The Good Wife: character studies in jewelry

You know you’re obsessed with a show when you have to watch every behind-the-scenes special feature on the DVD. That’s where I’m at right now with The Good Wife. There’s one feature on the final disc of Season 1 called “Clothing the Characters,” that I highly recommend. It focuses on the show’s costume designer Daniel Lawson and how he develops the looks for each character – including the jewelry they wear.

You’d be amazed how much thought goes into the jewelry on this show, even for the background players. The only ones who get short-changed are the guys. Lawson discusses his approach to the fashion of each male character but not one watch or cufflink enters the discussion, not even for Cary, known as the clotheshorse of the men.

Photo: Eike Schroter/©2009 CBS Broadcasting Inc.
Photo: Eike Schroter/©2009 CBS Broadcasting Inc.

The women, on the other hand… If you’re a fan you’ve probably noticed that the females on this show have very distinct styles. They all work in a law firm – not known as the most creative halls of fashion – and yet all manage to look stylish and individualistic, as well as professional.

The first season opened with Alicia Florrick, a politician’s wife played by Julianna Margulies, re-entering the work force after a long hiatus. With her husband in prison, she’s rediscovering her individual identity, thrust into the limelight by her husband’s much-publicized affair with a prostitute. At the firm, she dresses elegantly but conservatively, doesn’t wear much jewelry but isn’t afraid to wear some serious stiletto pumps – four inches high at least. They lend her authority while showing off Margulies’ impressive gams.

“Julianna and I had a big discussion about her jewelry and we felt like the last thing she’s going to think about is jewelry,” Lawson says. In the first few episodes she wears nothing but diamond studs in her ears. But by the end of that season, she’s wearing necklaces, usually multi-strand silver or gold chains, sometimes a bracelet, varying her pieces from outfit to outfit. “She’s starting to think about it a little bit,” Lawson says.
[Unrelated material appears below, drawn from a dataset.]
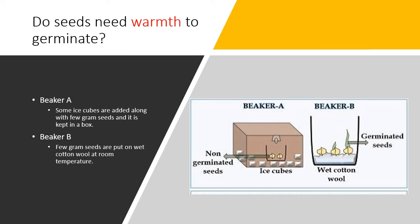The next condition is warmth, or the right temperature. Do seeds need warmth to germinate? In Beaker A, ice cubes are added along with seeds and kept in a cold box. In Beaker B, seeds are placed on wet cotton wool at room temperature. After two or three days, only the seeds in Beaker B germinate. This shows that seeds need warmth to germinate — if it is not warm enough, some seeds may fail to germinate.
Kalinda, my favorite character on the show, gets to wear the most outrageous ensembles, but the boldness is in her clothes, not her jewels. She favors a pair of boots you don’t find too often in a law firm: roll-down, knee-high black boots with stiletto heels – sort of streetwalker-meets-Pirates-of-the-Caribbean. She also wears mini-skirts, sometimes ruffled, fitted waists with wide belts, lots of black leather. Black works with the glossy hair piled on her head and her dramatic, black-rimmed eyes – definite hints of sixties-Mod with Kalinda – and is often paired with fitted tops in rich colors like violet and saffron.

With a look this bold, Lawson was probably right to go easy on the jewelry. Kalinda wears the same diminutive silver pieces in every scene, a small circle pendant on a delicate chain, small earrings, one bold ring on the middle finger – a finger I’ve never seen her lift but you know she would if this show was on HBO instead of CBS. The jewelry emphasizes Kalinda’s femininity – she’s tough but in an all-girl way. “She knows she looks fabulous. She doesn’t have to add anything to it,” Lawson says.
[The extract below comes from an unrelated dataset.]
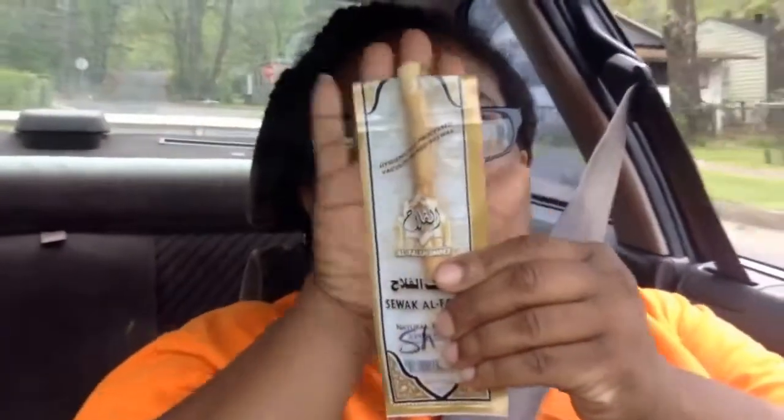I wanted to talk to you guys about this new thing I got and it is called a miswak stick. This is my new toothbrush, guys. I've been using this for about three days and I think it's awesome. I suggest everybody out there get one. This is my review and my recommendation.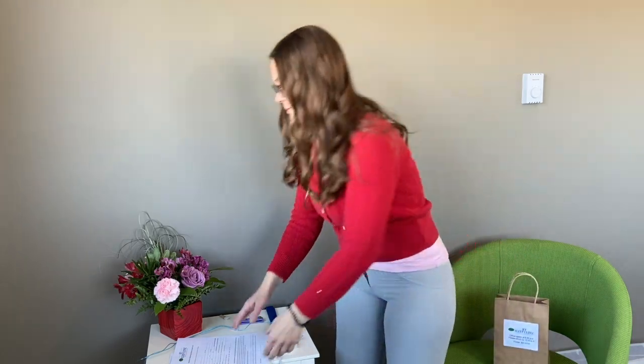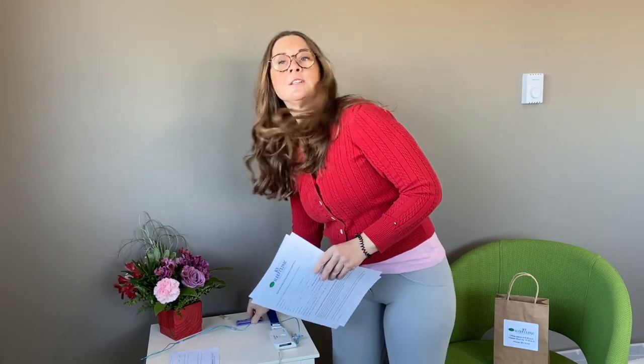When you get home with your package, inside you're going to find a few things. You're going to find some paperwork to complete — your registration form and a medical information form. On the medical information form you'll need to measure around your neck, so we have also included a measuring tape.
Kalinda defies so many clichés. She’s a loner, tiny but capable of destroying a car with a baseball bat in five strokes, or deducing the evil scheme of a foe and formulating a counter-scheme on the spot. She does whatever the situation calls for, is always right, and always gets her way – which is very satisfying. I love her relationship with Alicia and hope they make up in the next season or I’ll be very sad. (New season begins September 25.)

Archie Panjabi, the actress who plays Kalinda, says in the special feature that her character “is already so larger-than-life,” that she wanted to avoid clichés. Kalinda is a woman of mystery. “I felt the costume, to some extent, heightened her a little bit,” Panjabi says. “Just from seeing her, you can tell a story about who she is and where she’s from.”

Christine Baranski who plays Diane Lockhart, a partner at the firm, gets to have the most fun with her jewelry. “She’s more fashion-forward, her finger is more on the pulse of contemporary fashion,” Lawson says, adding that he had covered several tables with jewelry when she came in for her first fitting. “Oh! I see we have a lot of jewelry,” she remarked.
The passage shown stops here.